Под землей, в обширном подземелье, подвешены к сводчатому потолку на цепях сорокаведерные бочки с медами малиновыми, вишневыми, имбирными. Сотни рук поднялись с топорами, били в днища:
– Шапки снимай!.. Пьем!..
– А я сапогом хочу.
– Хошь портками пей!
Долбились, прорубались дыры в доньях, из бочек забили липкие, душистые фонтаны. Пили, дышали тяжело, отплевывались, скороговоркой на радостях матерились. Иные садились на земляной пол. Кто-то, надрываясь, зычно кричал одно и то же, повторяя:
– Приторомко! Подай водку-у…
– Ставай, пей!
– Здынь, я немочен!
Липкие фонтаны из сотен бочек продолжали бить. На полу стало мокро, как в болоте; потом хмельное мокро поднялось выше.

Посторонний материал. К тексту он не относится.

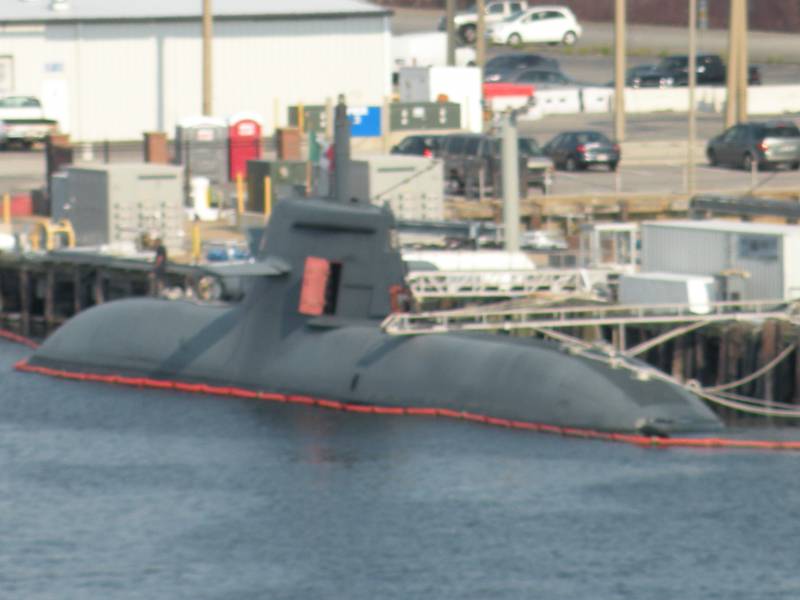 Военно-морская база Норфолк – проплывая мимо вмф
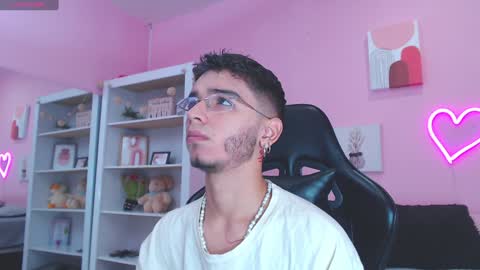 IAN CASTILLO online show from 30, 1, 2025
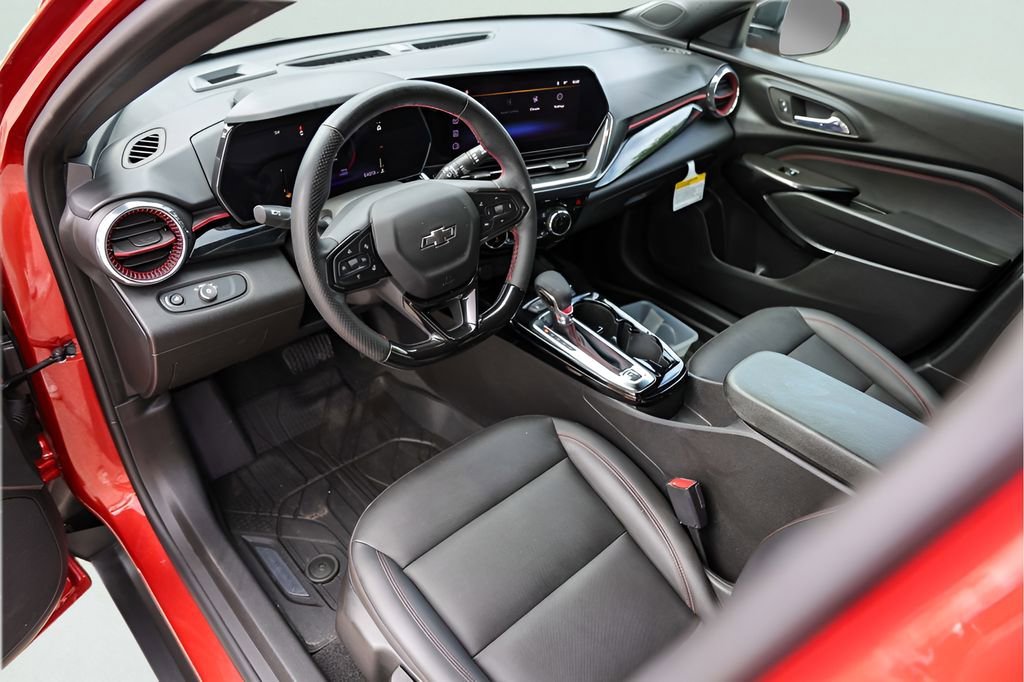 Used 2024 Cayenne Orange Metallic Chevrolet 2RS image 13
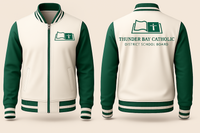 THUNDER VARSITY JACKET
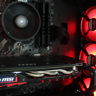 RGB Gaming PC Ryzen 2700x GTX 1060 6GB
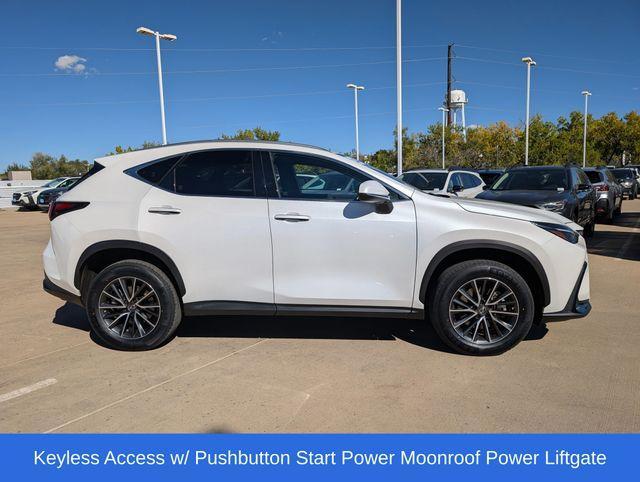 used 2023 Lexus NX 350h car, priced at $43,991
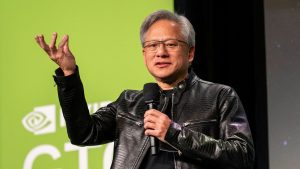 قد يأتي الارتفاع المستقبلي لسهم Nvidia من خارج صناعة التكنولوجيا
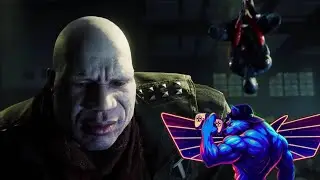 🕷️ Впервые играю в Marvel&rsquo;s Spider-Man (PS4) | Tombstone On The Move 🕸️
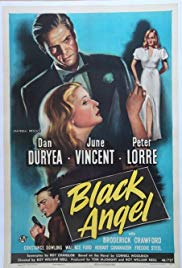 Black Angel (1946) M4ufree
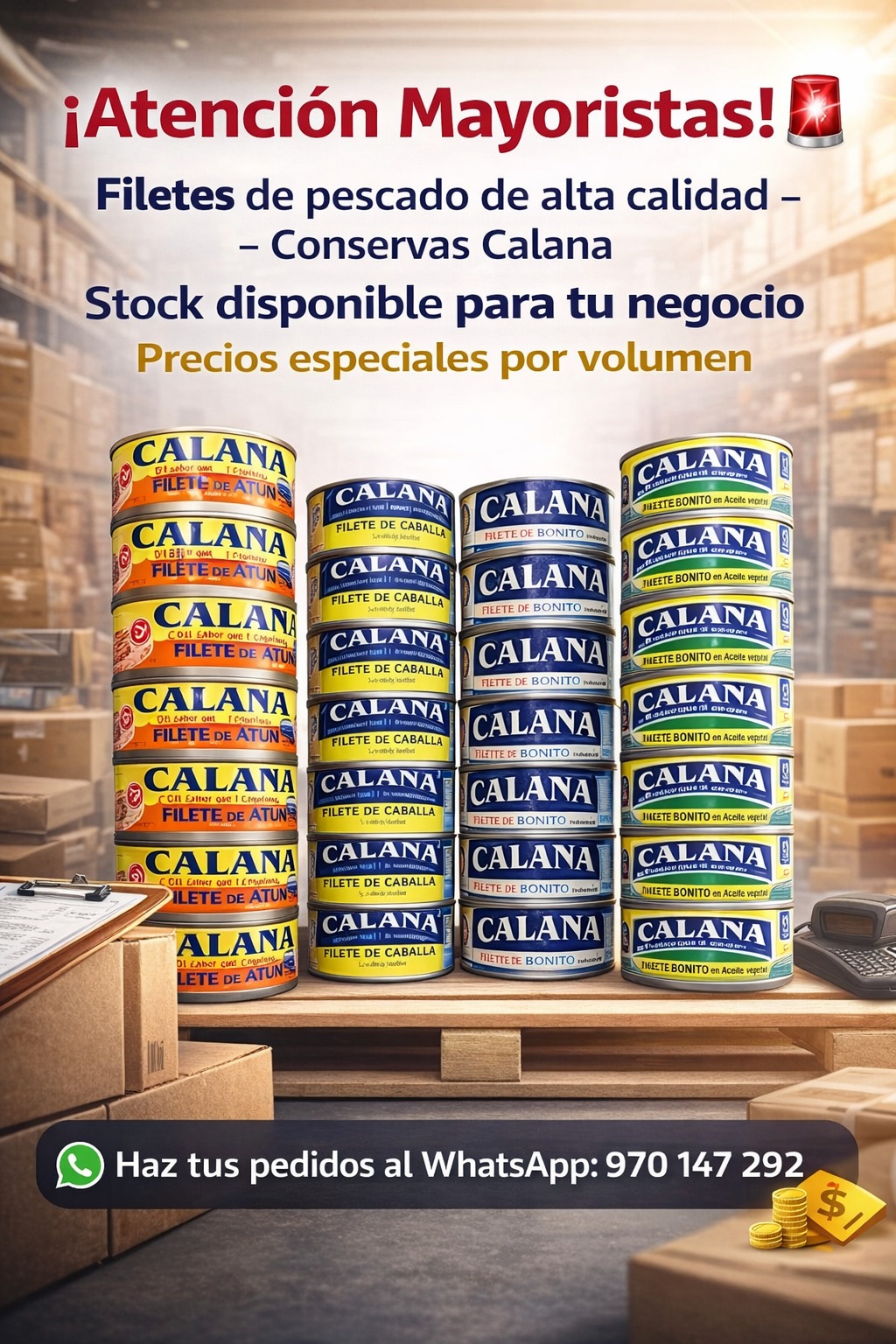 Bienvenida a Calana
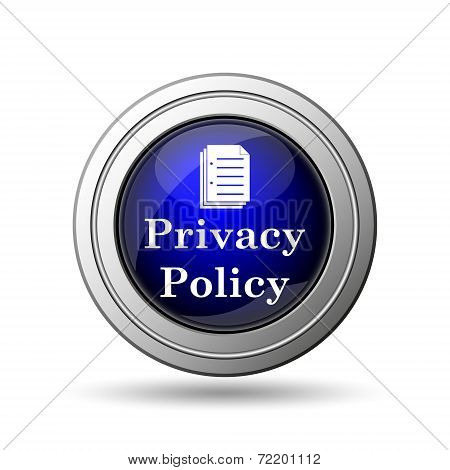 Privacy Policy Icon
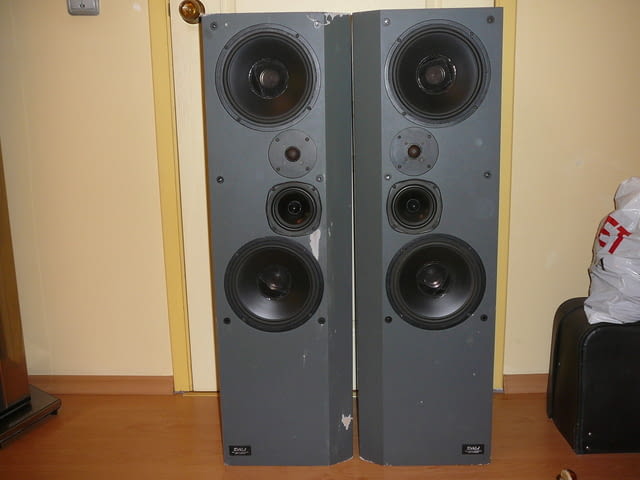 Dali 18 - град Пазарджик | Ресийвъри / Усилватели - снимка 2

– Шли за солью – в меду тонем!
Мокро было уже по колено.
– Бу-ух! Бу-ух!
– Энто пошто?
– Бочки с водкой лупят!
Опять голос хмельной и басистый:
– Уторы не троньте-е! Днища бей, дни-и-ища!
– Пошто-те днища-а?..
– Днища! Или брюхо намочите, а в глотку не попадет!
– Должно, товарыщи, то бондарь, – бочку жаль?
– Бе! Хватит водки-и…
Черпали водку сапогами, чедыгами и шапками.
– Пей, не вались!
– У-улю, тону, ро-обяты-ы!..
Хмельной, сырой и пронзительный воздух одурял без питья. Падали в липкое пойло, засыпали, булькая.
В пьяной могиле, как на перине, шутили:
– Пра-аво-славно-му самая сла-дка-я-а смерть в вине…
В подвале появились люди в серых длинных сукманах, в черных колпаках, похожих на поповские скуфьи.
– Робяты-ы! Истцы зде…
– Бей сотону-у!
Ловили подозрительных и тут же кончали. Какой-то посадский по бедности носил сукман, шапку утопил, стоял на коленях по грудь в хмельном пойле, крестился, показывая крест на шее и руки грубые.